◆ **WHAT THE TASK REQUIRES**:
Exactly the lines from the one with "Unicorn Pattern Crop" through the end of the material are to be output, both included, with no other text.

◆ **INPUT RECORDS**:
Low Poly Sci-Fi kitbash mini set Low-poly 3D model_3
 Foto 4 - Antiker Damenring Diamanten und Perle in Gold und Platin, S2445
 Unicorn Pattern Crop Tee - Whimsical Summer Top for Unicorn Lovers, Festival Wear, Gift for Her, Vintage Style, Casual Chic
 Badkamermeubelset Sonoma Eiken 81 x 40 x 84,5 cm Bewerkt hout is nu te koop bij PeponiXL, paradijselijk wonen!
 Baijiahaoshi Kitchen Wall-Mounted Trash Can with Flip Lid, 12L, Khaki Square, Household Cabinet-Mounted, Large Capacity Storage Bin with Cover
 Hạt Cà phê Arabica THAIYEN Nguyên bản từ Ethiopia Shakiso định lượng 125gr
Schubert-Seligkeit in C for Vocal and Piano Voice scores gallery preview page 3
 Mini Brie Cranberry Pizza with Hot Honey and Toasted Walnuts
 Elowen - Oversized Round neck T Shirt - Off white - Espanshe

◆ **TASK RESPONSE**:
 Unicorn Pattern Crop Tee - Whimsical Summer Top for Unicorn Lovers, Festival Wear, Gift for Her, Vintage Style, Casual Chic
 Badkamermeubelset Sonoma Eiken 81 x 40 x 84,5 cm Bewerkt hout is nu te koop bij PeponiXL, paradijselijk wonen!
 Baijiahaoshi Kitchen Wall-Mounted Trash Can with Flip Lid, 12L, Khaki Square, Household Cabinet-Mounted, Large Capacity Storage Bin with Cover
 Hạt Cà phê Arabica THAIYEN Nguyên bản từ Ethiopia Shakiso định lượng 125gr
Schubert-Seligkeit in C for Vocal and Piano Voice scores gallery preview page 3
 Mini Brie Cranberry Pizza with Hot Honey and Toasted Walnuts
 Elowen - Oversized Round neck T Shirt - Off white - Espanshe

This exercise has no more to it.